There are other story lines, and most don’t fare as well. Radisson (played by Sorbo of Hercules fame) is dating a former student who happens to be a Christian, and his disdain for his faith makes their relationship unbelievable. There is also a Muslim student hiding her faith from her father. There is a left-wing blog writer trying to expose Christian public figures who finds out she has cancer, and is dumped my her money loving boy friend (Dean Cain of Lois and Clark in the 1990s.)
I need to make mention of this one plot line as an example of weak, almost harmful story telling. It is so silly and full of holes that any non-Christians might just be turned off by the poor movie making that they won’t take the rest of the movie seriously.

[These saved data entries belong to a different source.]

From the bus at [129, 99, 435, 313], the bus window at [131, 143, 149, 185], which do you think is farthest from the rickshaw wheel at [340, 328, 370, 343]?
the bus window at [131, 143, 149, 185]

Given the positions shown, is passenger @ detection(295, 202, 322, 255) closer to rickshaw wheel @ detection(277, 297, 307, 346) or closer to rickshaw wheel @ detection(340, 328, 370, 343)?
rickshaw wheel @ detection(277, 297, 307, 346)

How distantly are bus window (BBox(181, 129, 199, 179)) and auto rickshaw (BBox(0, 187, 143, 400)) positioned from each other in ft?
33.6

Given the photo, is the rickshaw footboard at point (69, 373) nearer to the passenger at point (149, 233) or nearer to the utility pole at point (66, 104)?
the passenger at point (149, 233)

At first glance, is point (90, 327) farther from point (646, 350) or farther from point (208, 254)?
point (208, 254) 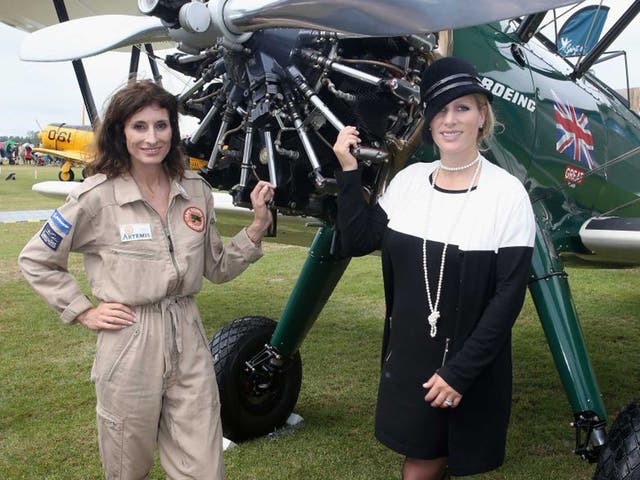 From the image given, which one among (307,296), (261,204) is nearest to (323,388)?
(307,296)

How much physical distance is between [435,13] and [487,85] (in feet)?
3.23

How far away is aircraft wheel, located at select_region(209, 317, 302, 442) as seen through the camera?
143 inches

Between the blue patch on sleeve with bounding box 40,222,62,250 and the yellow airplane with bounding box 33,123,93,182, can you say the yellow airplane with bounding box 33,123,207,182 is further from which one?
the blue patch on sleeve with bounding box 40,222,62,250

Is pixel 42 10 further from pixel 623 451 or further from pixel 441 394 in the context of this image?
pixel 623 451

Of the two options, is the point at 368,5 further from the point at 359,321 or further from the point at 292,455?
the point at 359,321

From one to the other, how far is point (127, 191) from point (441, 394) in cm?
114

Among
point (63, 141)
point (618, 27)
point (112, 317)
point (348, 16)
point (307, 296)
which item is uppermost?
point (618, 27)

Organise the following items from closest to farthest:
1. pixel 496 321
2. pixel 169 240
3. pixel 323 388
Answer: pixel 496 321 → pixel 169 240 → pixel 323 388

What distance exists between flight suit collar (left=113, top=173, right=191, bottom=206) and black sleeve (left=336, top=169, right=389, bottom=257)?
53 cm

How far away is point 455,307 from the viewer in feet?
6.36

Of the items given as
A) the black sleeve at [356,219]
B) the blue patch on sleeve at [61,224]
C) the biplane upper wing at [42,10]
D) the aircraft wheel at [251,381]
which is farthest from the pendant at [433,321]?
the biplane upper wing at [42,10]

David White plays Reverend Dave and he is hosting a visiting missionary. The two are planning on taking a short trip. Rev. Dave feels like God isn’t using him to help people. So, when the get in the car to leave, it won’t start. They rent a car. Rev. Dave tries to start the rental and it won’t start. Then another rental, and it won’t start either. The car will start for others, but not Rev. Dave. The message of the movie is clear. God wants and needs Rev. Dave to not go anywhere because he will be needed later. This is true, and I also have no doubt God could make the car not start, but it just feels like a cheap gimmick in the movie to keep Rev. Dave in town.
Overall, the movie is a must see. The climax at the Newsboys concert was a lot of fun and offered a few twists as all the plotlines came together. This is an interesting time in the movie industry, with several faith-based films getting released like Heaven is For Real, God’s Not Dead, Mom’s Night Out, and of course there is Noah.
Yes I recommend this movie to all Christians or those interested in faith-based films. Is this a movie to show to people who are not Christians? Sadly, I’m not sure. The core of the movie about the argument is definitely one you could share with non-believers, but the rest of the movie isn’t up to that standard.